Donald Trump’s misdeeds, at least as spelled out in the Mueller Report, appear to replicate some of Nixon’s worst acts. For example, Trump and his attorneys apparently dangled pardons before several witnesses to keep them from co-operating with Special Counsel Robert Mueller. One witness stated that Trump called the Director of National Intelligence asking for his help in shutting down the Russia investigation. And Trump fired the FBI Director and tried to remove Mueller to impede that investigation, too. It all began with Russia’s breaking into the Democratic National Committee electronically and using the information to help Trump in the presidential election (with outreach to the Trump campaign)— paralleling the burglary of the DNC headquarters by Nixon campaign operatives in connection with the 1972 presidential campaign. Covering up election tampering is bad enough, but it’s much worse when the tampering involves connivance with a foreign power—even though the degree of that connivance has been obscured by the Trump cover-up itself. Ironically, long after the Nixon presidency ended, we learned that Nixon had conspired with a foreign power, in this case South Vietnam, to scuttle Vietnam peace talks in order to help his election prospects. Had we known this at the time, Nixon’s treason-like conduct would have figured prominently in the articles of impeachment.

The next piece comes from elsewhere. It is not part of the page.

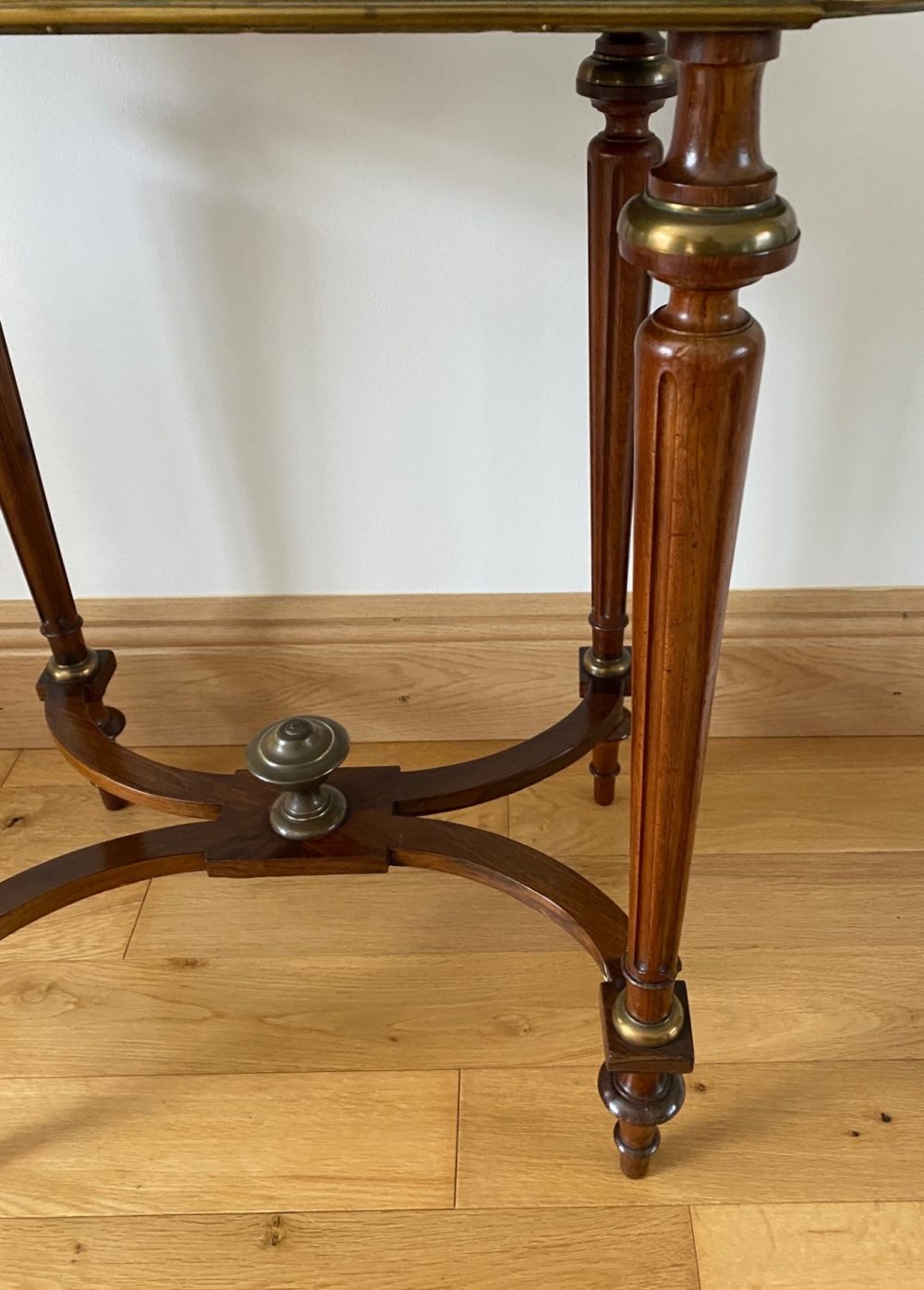 A VERY FINE ROSEWOOD CROSSBANDED & MARQUETRY INLAID SIDE TABLE, with bow ends, the top lifts to reve - Image 5 of 7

Democrats need to think seriously about following the blueprint set out in the Nixon impeachment. Public education about the facts of Watergate was central to the impeachment—and that took place through a specially created Senate Committee which held public hearings that were viewed by millions. Key players testified. The Committee was small (seven members) and counsel conducted much of the questioning. By way of contrast, most of the players in the Trump matters have been shielded from public view by the Republicans who controlled Congress for two years.

The House must develop a way of presenting a clear narrative of Trump’s misconduct, primarily by having critical witnesses testify in public. The House also needs to figure out how to allow for a coherent, simple method of questioning those witnesses—something that cannot be done easily with committees of more than thirty members.

If impeachment proceedings commence, they need to be conducted fairly, and in a bipartisan manner to the fullest extent possible. During the Nixon impeachment, the Democratic majority picked a Republican as the Committee’s chief counsel, and the Republicans picked a Republican as their counsel. Our inquiry was guided by two Republicans, another fact helping to demonstrate that the process was fair. The Judiciary Committee chair understood that a partisan process would not be accepted by the American people.

What is at stake is protecting our democracy, which is why it is so important to look carefully at the Nixon impeachment process, as Sidney Blumenthal and others suggest.